How can I delete duplicate data based on the common value (Start and End)
(Time is unique key)
My table is:
Time | Data |
---|---|
10:24:11 | Start |
10:24:12 | Result |
10:24:13 | Result |
10:24:14 | End |
10:24:15 | Start |
10:24:16 | Result |
10:24:17 | End |
I want to get Data: Result in between Start and End that is with the MAX(TIME) when duplication does occur. as such
The result that I want:
Time | Data |
---|---|
10:24:11 | Start |
10:24:13 | Result |
10:24:14 | End |
10:24:15 | Start |
10:24:16 | Result |
10:24:17 | End |
I have tried rearranging the data, but couldn't seems to get the result that I want, Could someone give their advice on this case?
CodePudding user response:
Hi a first approach will be to use a lead function as folow
select hour,status from (select *,lead(status,1) over ( order by hour) as lead
from newtable)compare
where compare.lead <> status
OR lead is null
Give me what's expected using a postgres engine.
CodePudding user response:
You can do this sort of thing with SQL procedures.
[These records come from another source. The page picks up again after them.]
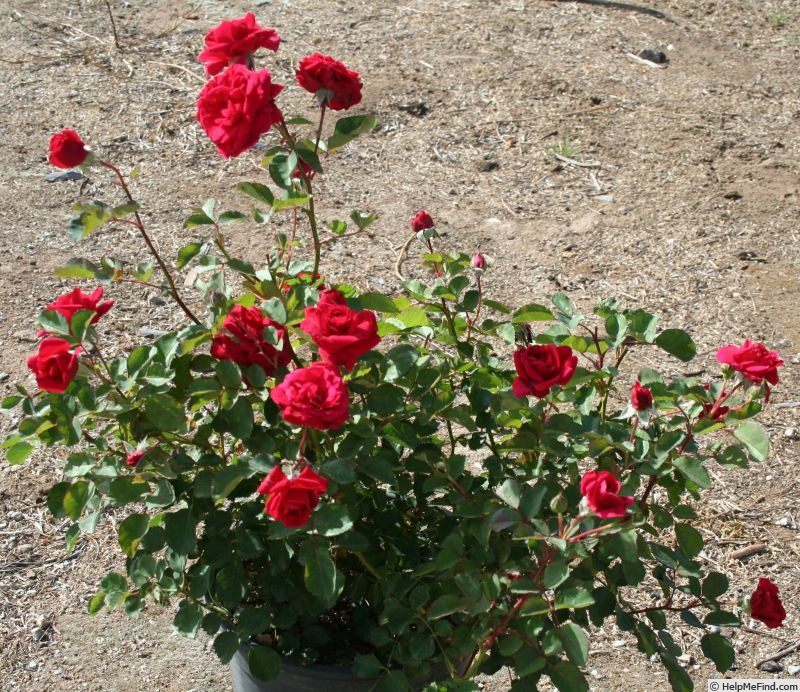 'Red Valentine' rose photo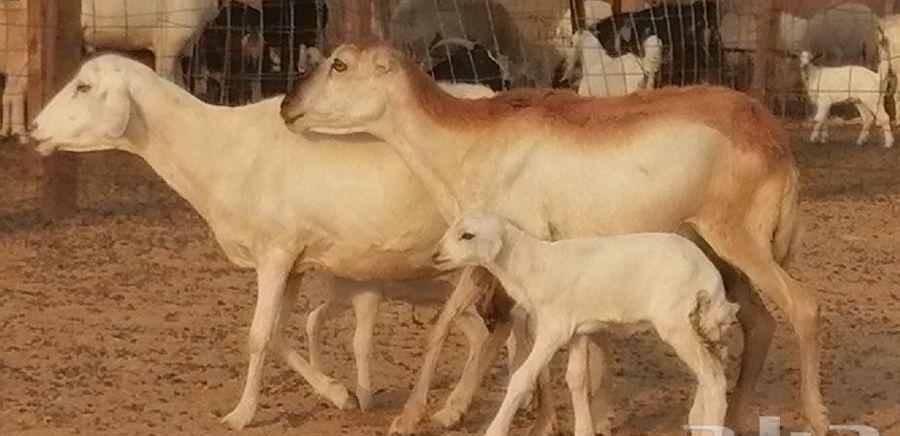 غنم رفيدية خلفات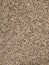 sand texture sand coarse, plaster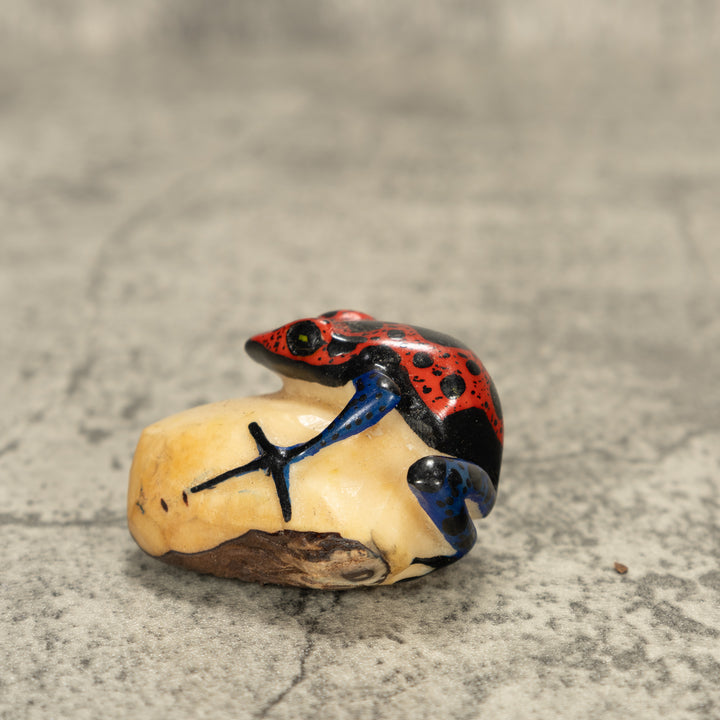 Red And Black Poison Dart Frog Tagua Nut Carving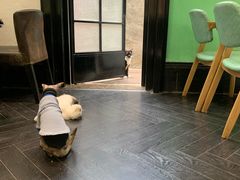 -猫色咖啡·猫咖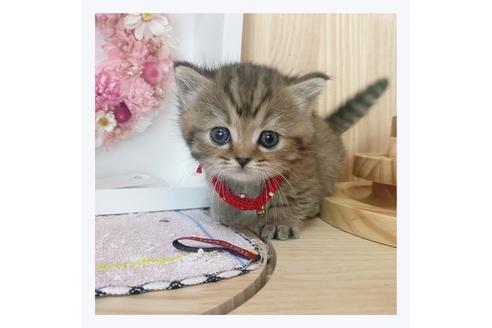 成約済の長野県のマンチカン-26087の2枚目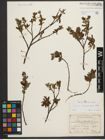 Foto von Salix waldsteiniana Willd.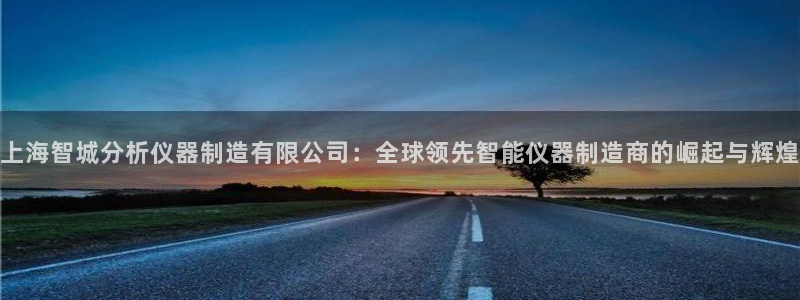 cq9电子宝石女王：上海智城分析仪器制造有限公司：全球领先智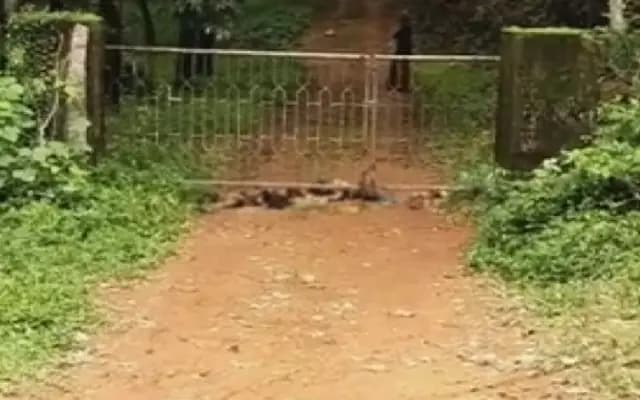 Belthangady: Shocking Incident of Goat Beheadings Linked to Witchcraft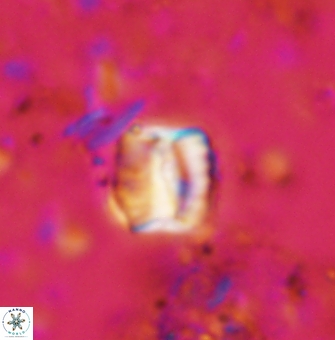 Polycostella senaria 1408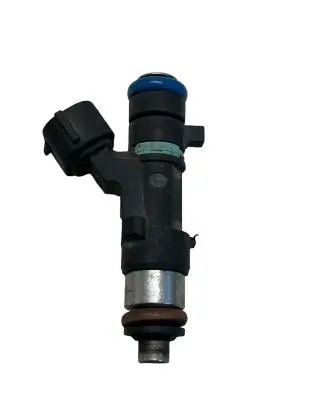 Renault Koleos I Fuel injector 16600JA000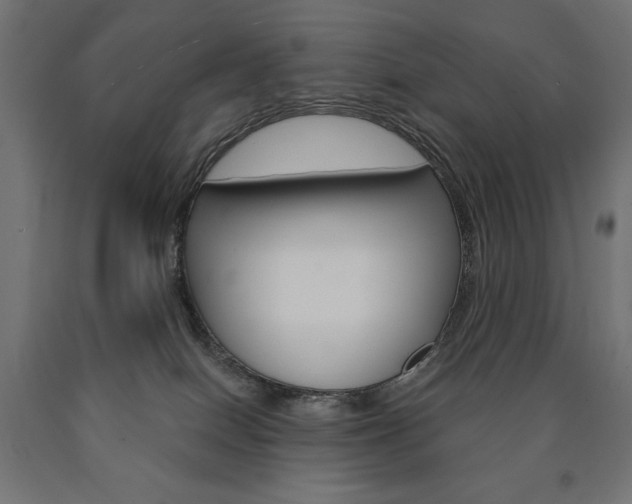 X0000090980086200708021150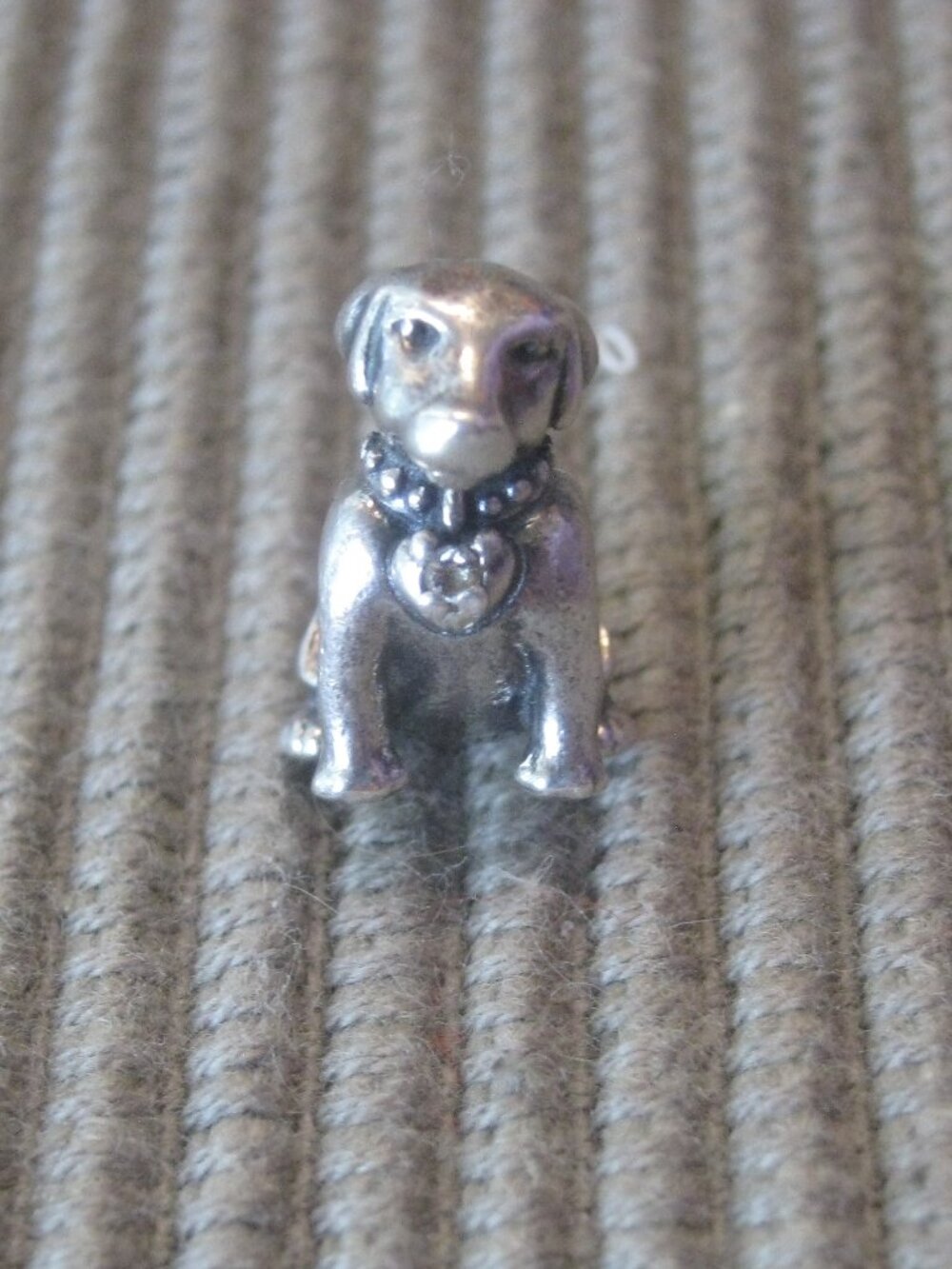 PANDORA - Labrador - 45$
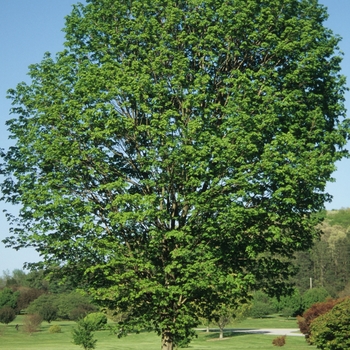 Acer saccharum 'Commemoration®'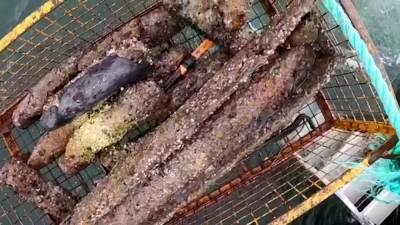 МЧС поднимает боеприпасы с затонувшей немецкой баржи со взрывчаткой. - riafan.ru - Россия - Калининградская обл.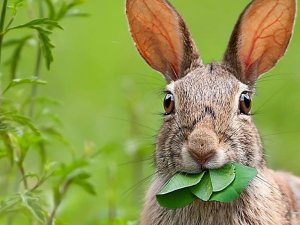 За двумя зайцами погонишься – ни одного не поймаешь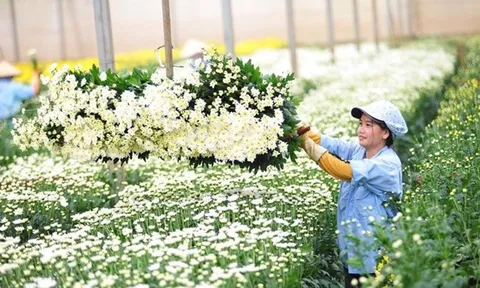 Hoa cây cảnh Việt Nam dưới góc nhìn “tối ưu toàn cục”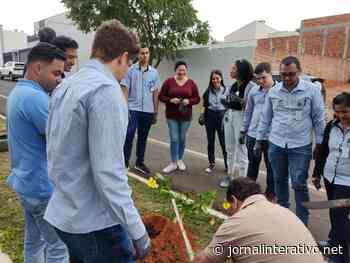 Dracena fazem plantio em parceria - Jornal Interativo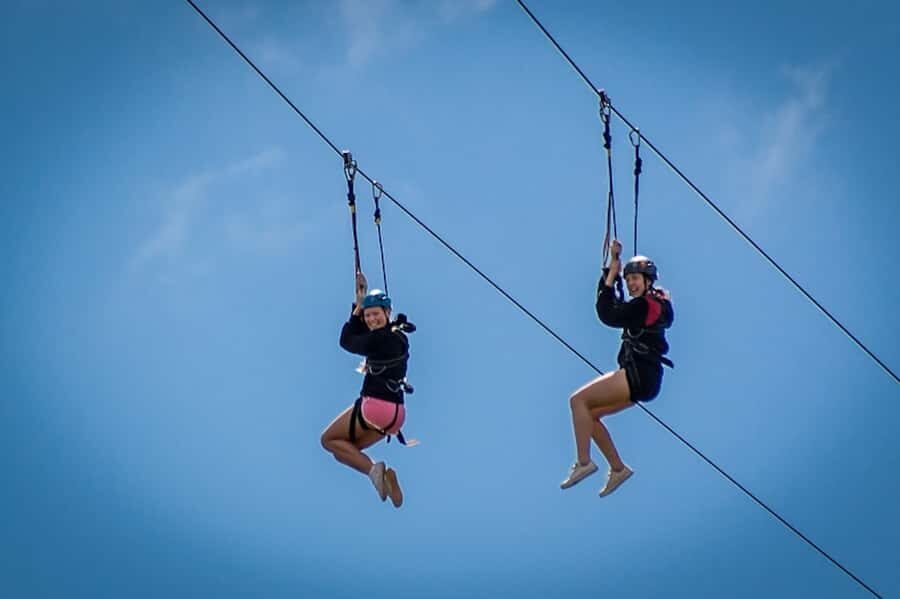Adrenalin Addo Adventure Park: Zip Line and Giant Swing - The 500m double zip line: speed, height, and an easy ending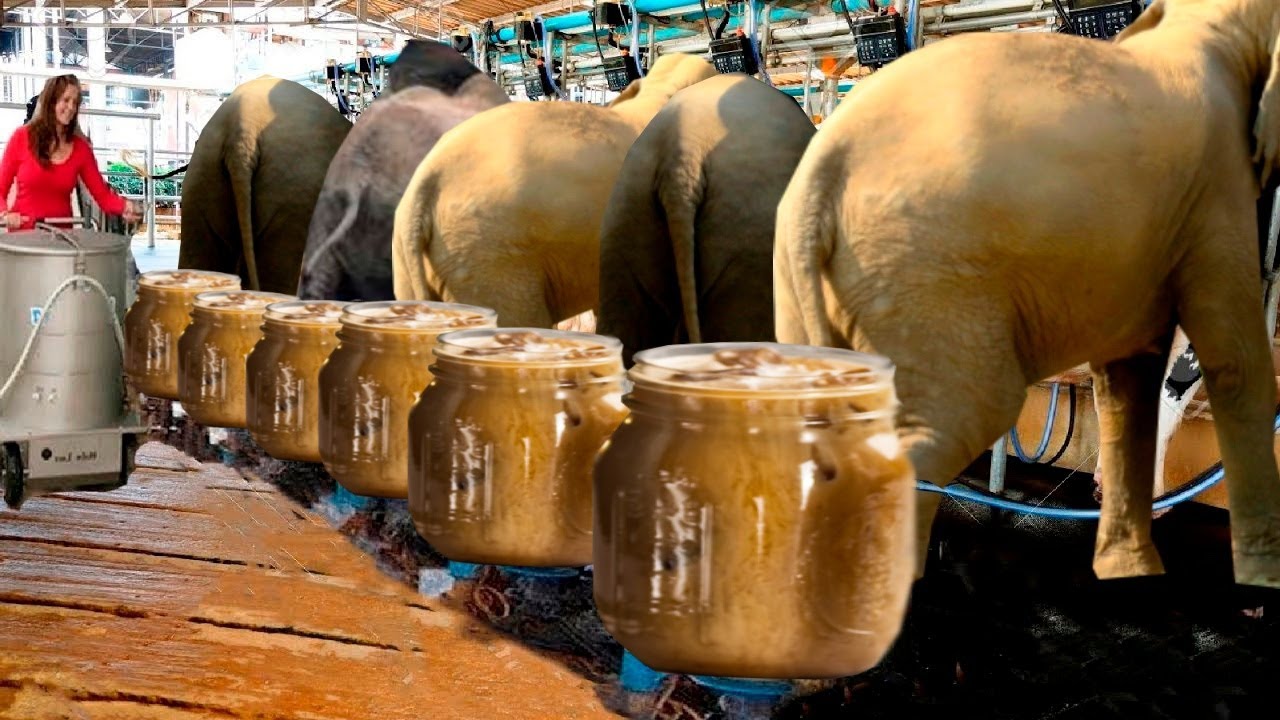 Как с Помощью Слонов Делают Самый Дорогой Кофе в Мире? смотреть онлайн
-- create the table with only two columns
CREATE TABLE actions (attime TIME UNIQUE, data VARCHAR(10));
-- drop the procedure if it exists
DROP PROCEDURE del_duplicates IF EXISTS;
create procedure del_duplicates() MODIFIES SQL DATA begin atomic
DECLARE last_time time(0) default null;
for_loop:
-- loop over the rows in order
FOR SELECT * FROM actions ORDER BY attime DO
-- each time 'Start' is found, clear the last_time variable
IF data = 'Start' THEN
SET last_time = NULL;
ITERATE for_loop;
END IF;
-- each time 'Result' is found, delete the row with previous time
-- if last_time is null, no row is actually deleted
IF data = 'Result' THEN
DELETE FROM actions WHERE attime = last_time;
-- then store the latest time
SET last_time = attime;
ITERATE for_loop;
END IF;
END FOR;
END
Your data must all belong to a single day, otherwise there will be strange overlaps that cannot be distinguished. It is better to use TIMESTAMP instead of TIME.